Sunday, April 13, 2014

A Wild Finish

Today was the last session of my latest woodcut series in Belmar.  We had five of the participants there, all working hard.  My two most veteran woodcutters, Mary and Jill, were each working on projects of their own, and I just checked in on them from time to time.  The three new students all came with finished blocks and in some cases ideas, so they kept me busy the whole time.

Beverly hit me with a request as soon as she saw me, a new big piece of wood.  She took this class to learn relief printing so she can print on fabric, to make pieces that she can use in her quilts and for other fabric projects.  Today she showed me a piece of textured shiny cloth, shaped roughly like the side of a fish.  Also a much larger fish paper pattern.  Her plan is to make a woodcut that will print onto a fabric construction that will include the fish cloth.  So I cut her a large panel from my piece of birch, which she expects to work on over the next few months.
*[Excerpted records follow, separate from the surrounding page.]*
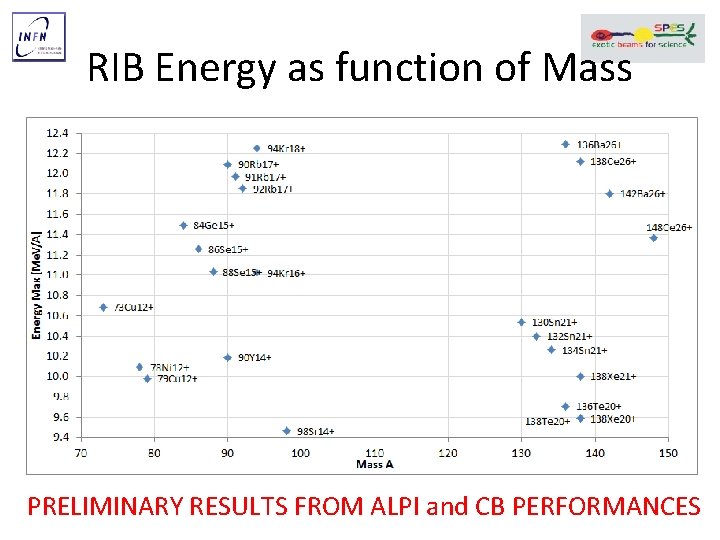 RIB Energy as function of Mass PRELIMINARY RESULTS FROM ALPI and CB PERFORMANCES 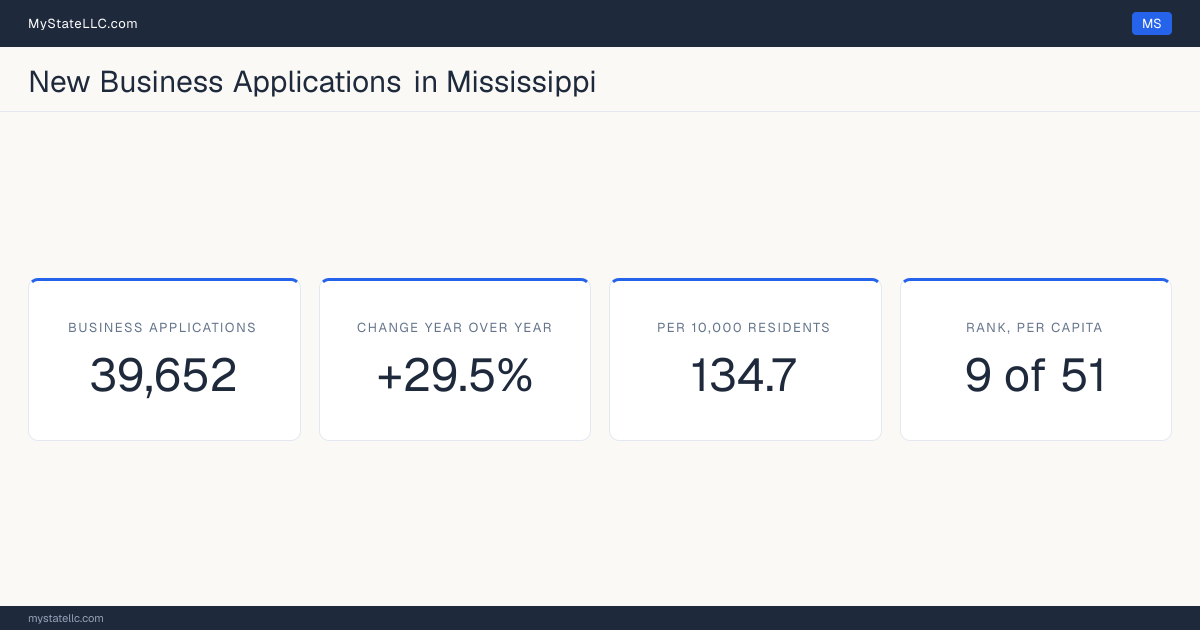 Business formation in Mississippi, 2026 YTD (Jan to Jul) vs 2025 YTD (same months): 39,652 new business applications, +29.5% against the same months a year earlier, which is faster than the national +13.8%. That is 134.7 applications per 10,000 residents, which ranks Mississippi 9 of 51 on that ratio.
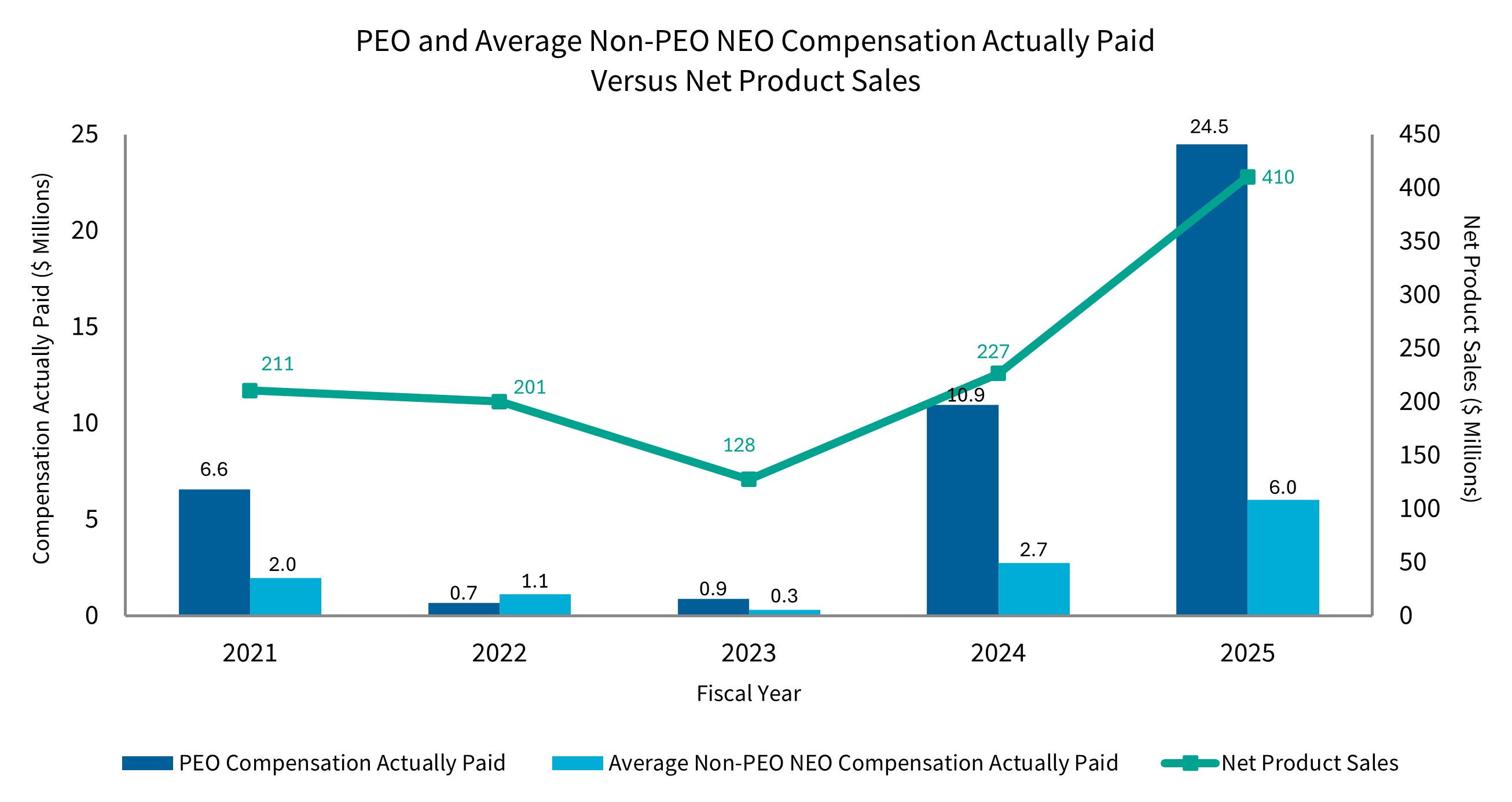 PvP Graph3 Product Sales.jpg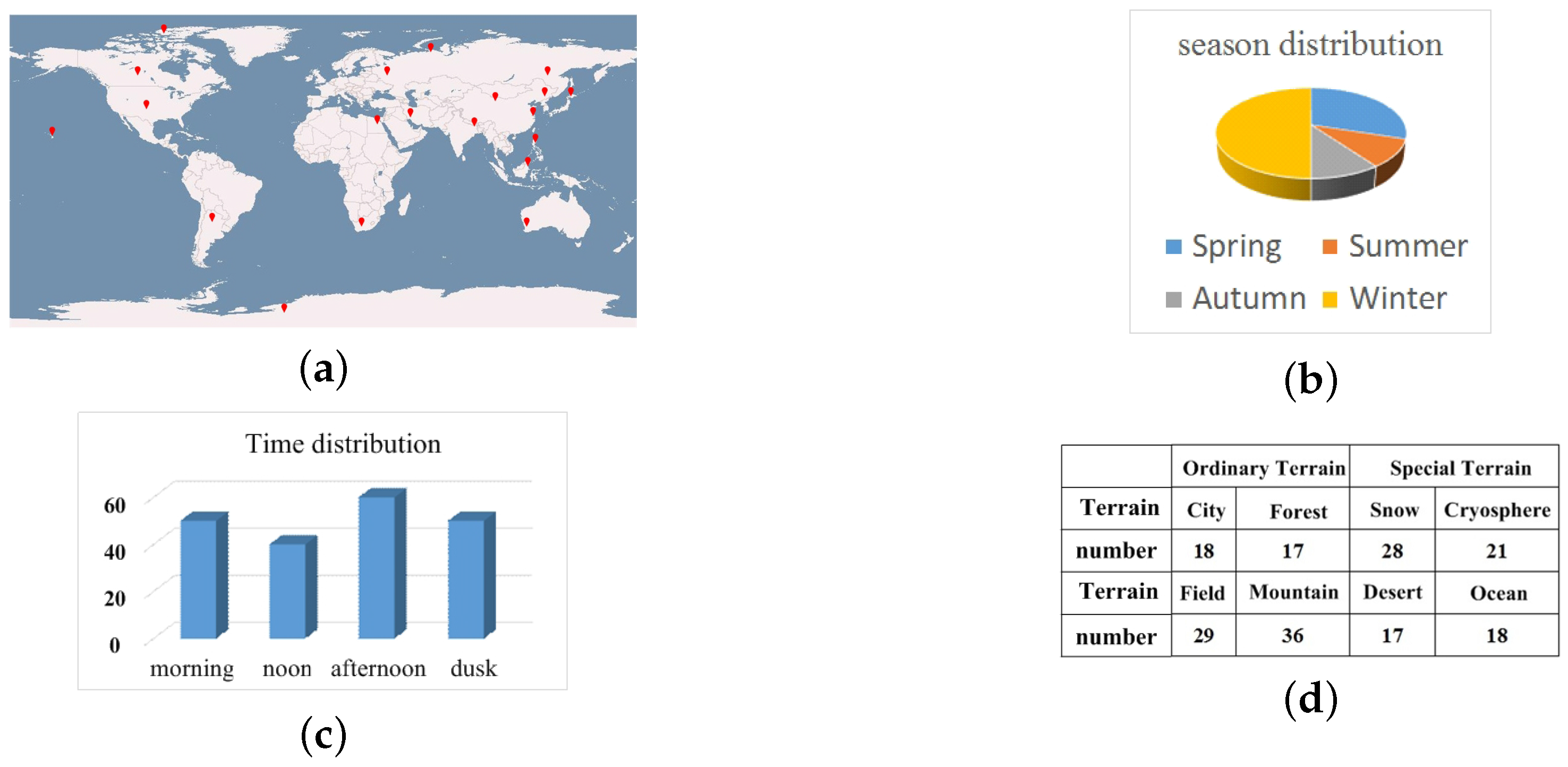 Remotesensing 10 00152 g006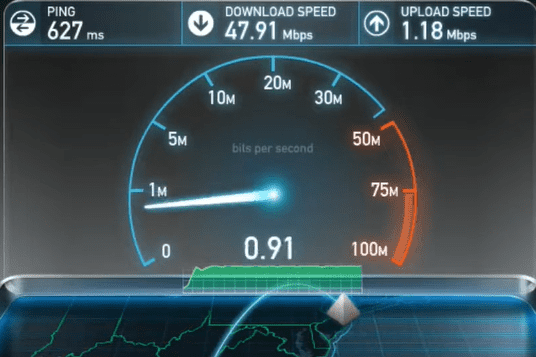 Hughesnest Speed Test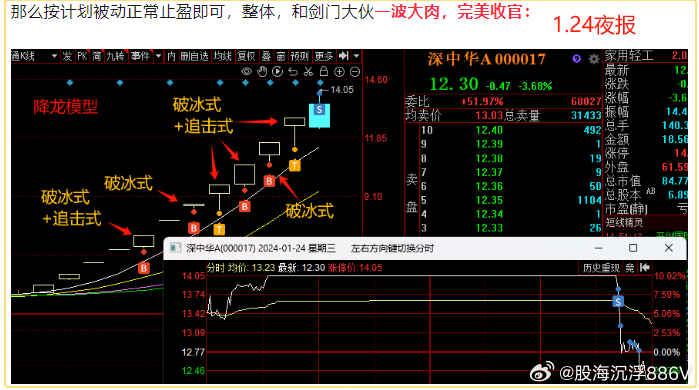 秋叶飘零 第2页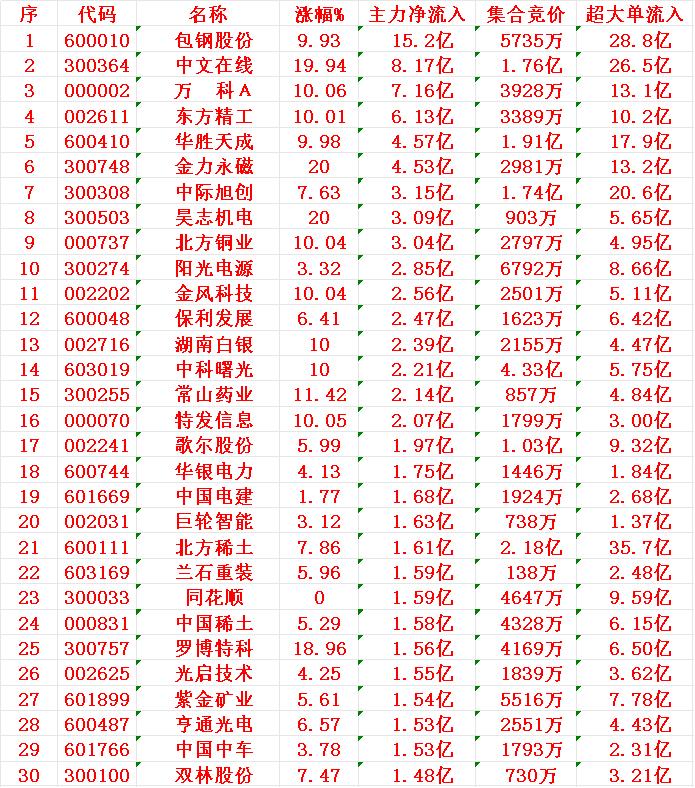 8月25日开盘45分钟，主力资金“买入的 ”的30名单一览！


1 包钢 15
Meanwhile, she wanted to see how her new finished block would work on cloth, so I helped her pull the above proof on a piece of plain cloth.  She cut the block just as a random pattern, but printed as such she new sees it as resembling a tenement.   Eventually this will be just one layer of the design.

Denise has been working on this cup image since the 2nd week, and having picked up her own tools last week at the mural site, she had the block ready to print.  I helped her pull a proof on our standard Rives paper, but then I suggested the image might look good on a more colorful paper.  I had brought my rolled up assortment of more exotic papers today, and she selected some Nepalese paper, a color called olive in the catalog.  The mix of green, gold, and brown worked nicely against the clean defined black shapes in her design.

Palmyra had finished her first block in time to print it last week, and now had two more prints ready to go.  She had already tried a proof of the one on the right on her own, but did some more cutting to the image before printing it again today on the Rives.  She also pulled one of the image on the left (the man on horse) on the Rives, but I felt that it would also look good on a color paper.  I suggested this red mulberry paper with golden threads, and she was pleased with the result.

So after four weeks all the new people are trained enough that they can cut and print blocks, assuming that they have the equipment and materials required.  All had ideas that translated graphically, and I think they are excited to do more.  So I'd say the class was a success.